Fading Away

“Speak up where I can hear you damnit.” Eugene slammed his tan tote bag on the floor.

“You’re supposed to be in bed Eugene,” I try to be commanding, but gentle.

“I got to go on my route.” His bushy brows squeezed over the hazel plastic frames of his glasses.

“Somebody’s on your route tonight so you can get some rest.”

“You people don’t give a damn about nothing but yourself. I’m liable to get fired from my job over this,” he stepped closer. An overdose of cinnamon from his cologne plugged my nostrils.

I stood up from my chair towering over his fragile five foot six body. He lost a few inches by hunching over when he was standing. His long-sleeved plaid shirt was tucked neatly in his pressed navy pants. He wore a brown belt with his name stamped on it, but the first few letters had faded over the years. One of his shoelaces dangled over his walnut colored shoes as he stepped back to retrieve his satchel. All I could do was walk away.

I peeked back toward him in the round security mirror hanging from the wall to watch him push his glasses properly on his nose. Then he turned around like a broken carousel and staggered toward his room down the hall.

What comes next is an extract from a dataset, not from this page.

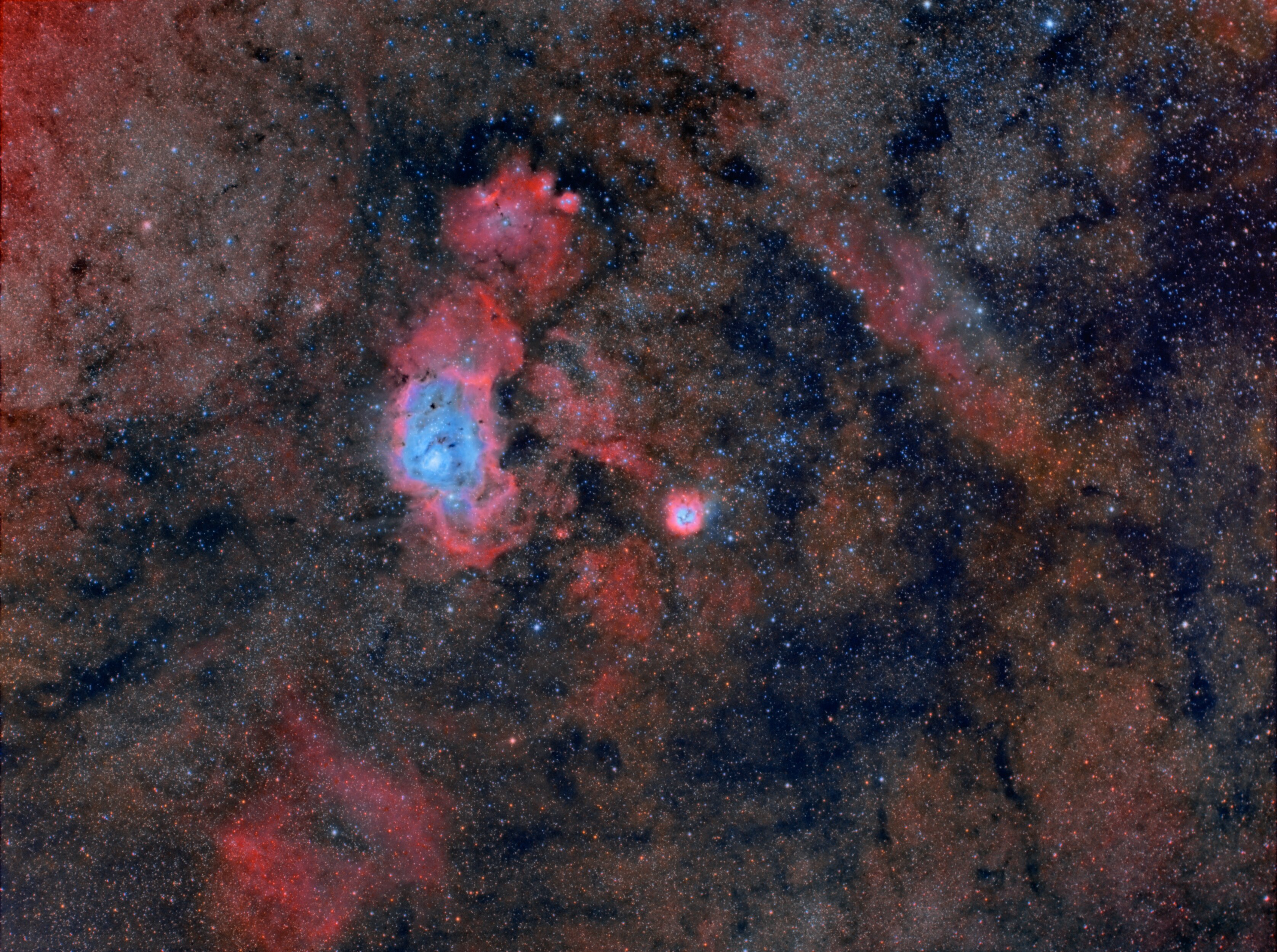M8 & M20 Nebula Widefield In RGB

I sat down in a chair just around the corner, still watching him through the mirror as he crept down to his room. He held his arms behind him like a skier that just pushed down a big slope. At least I was out of site.

In the distance a lady screamed, “Help me. Help me,” until she finally faded out when Eugene made it past her room.

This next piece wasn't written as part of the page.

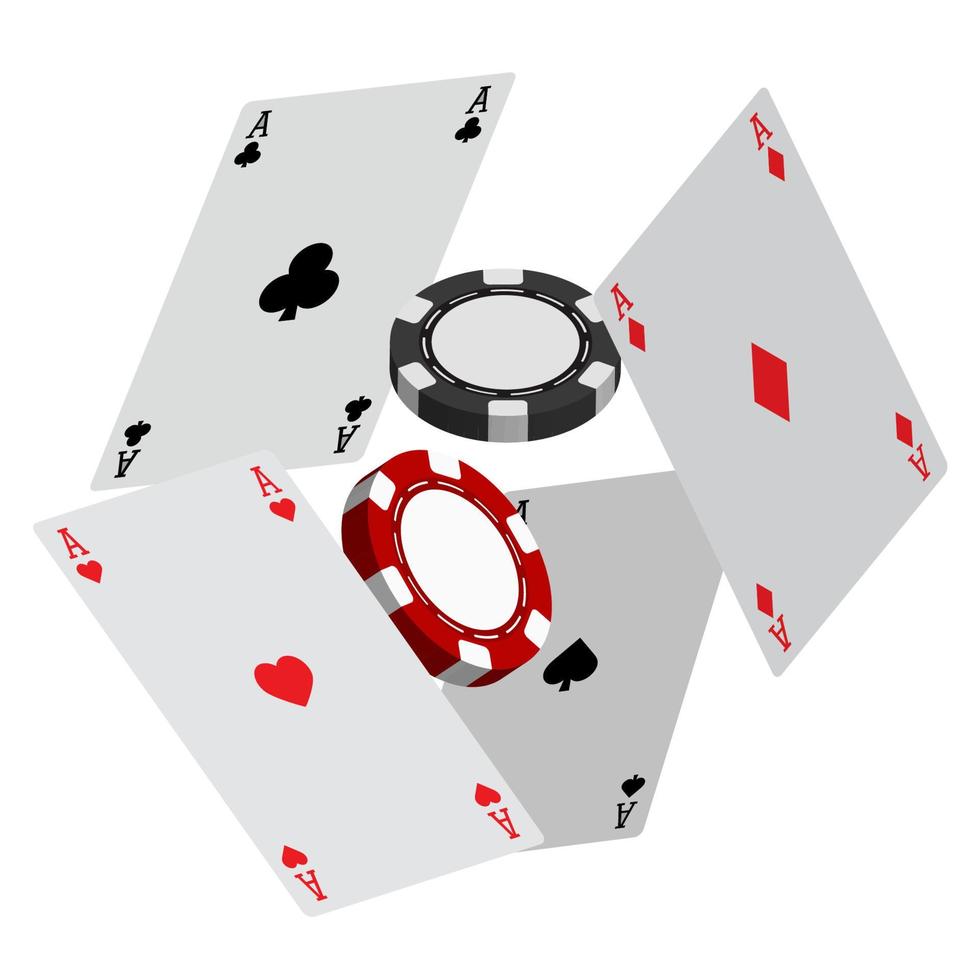 four ace cards chips poker vector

It was only eleven o’clock at night and I had eight more hours left here. I was already beginning to wonder if this is where I needed to be. I wasn’t sure if I had the heart it took to work in a place like this. It was my second night as the security guard on the Alzheimer’s unit at the Care Center of Opelika.

The next few nights Eugene continuously walked from his room to the resident’s activity room, not really paying anyone else any attention, until he got tired from the exercise. He would wear his blue checkered house shoes and brown plaid pajamas, so I knew he wasn’t planning on trying to leave the building.

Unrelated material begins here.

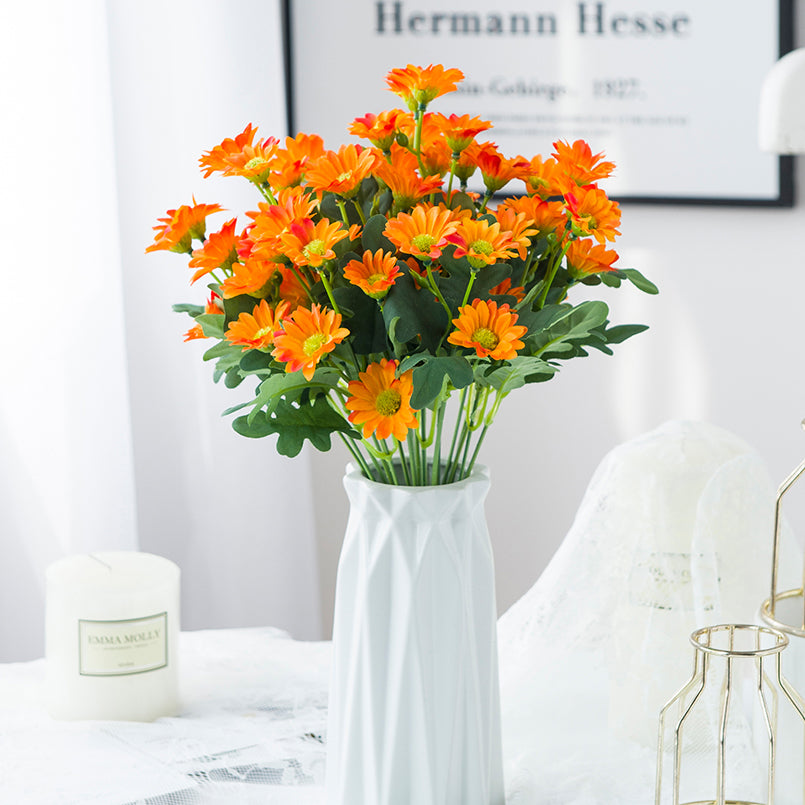 Autumn Silk Daisy Bouquet, Artificial Flower Decor for Vase, Home and Wedding Decor, Holiday Party DIY Gift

His cheeks were saggy holding the corners of his lips close to his chin. The bald spot on his head was slightly covered by his slicked black hair that had only begun to gray. In short sleeves, I noticed spots that could be freckles or moles or scars left on his arms.

I would get to speak to Eugene on several occasions during these times. I would usually ask, “How are you doing today, Eugene?”

He would slowly tilt his head up smiling. His stained cracked teeth looked like they would fall out when he ate, “I’m doing better than I been a being.”

“Well, that’s good. Maybe you’ll feel even better later.”

“Yeah, I hope so.” He’d usually have to hold himself up after walking the halls by grabbing the rail that ran along the wall.

He didn’t use a walker like most of the residents did, and he usually could stay up for hours without resting much.

It took nearly three weeks for Eugene to believe he had to go to work again, but he wasn’t as persistent.

“Eugene, your boss called and said somebody’s on your route. That way you can have the night off.”

He studied me for a few brief seconds accumulating his words. “Nobody told me nothing about this.”

“That’s what they told us.” I knew he didn’t really believe me, but he looked too tired to stand and argue.

“Well I’m gone need you to write that down on a piece of paper,” he stopped for a moment. Then he looked down to the floor to regain his thoughts. “So my boss will know that you people told me this.”

The nurse on duty walked up to calm him, “Don’t worry Eugene. We will.”

“Make sure you put that ya’ll won’t let me go on my shift. I don’t need to lose my job for this.”

For the next week Eugene would get up late in the night, dressed in navy and plaid holding his bag, ready to head off to work. I’d give him an excuse to explain why he couldn’t go to work. It was typically, “Somebody’s on your route,” or “It’s your night off.”

Soon after, he began to grow sick. He would stay in bed nearly all the time, getting up only to eat and wander a few steps out of his room.

When I came in one day he was sitting in a wheelchair staring at the floor. I stopped beside him to see if anything was wrong.

“How are you feeling today?”

He said nothing.

“Eugene. Are you feeling alright?” I almost blared to get his attention.

He looked up and slipped his glasses on. A drop of blood rolled from his nose down his upper lip.

“I don’t feel so well.”

It seemed like all his years of hard work had drowned him to his last breaths. I thought his life was harshly fading away. He hardly had the strength to talk, much less, enough to get up and walk around. His eyes drooped even farther down his face. Surely, God would not let him die in his mid-sixties, but Eugene had been allowed to live through this agonizing disease. He was already dead to the world. Eugene was just another person walking around, oblivious to where he was or what he was doing. Time passed and Eugene gradually overcame the momentary condition he was in.

After two months of working at the care center I realized how valuable life is.

Eugene walked up to me and grinned, “I just done something I’ve never done in my life before.”

“Oh, what’s that?”

He was laughing enough to muffle his voice, “I ate ice cream and crackers together.”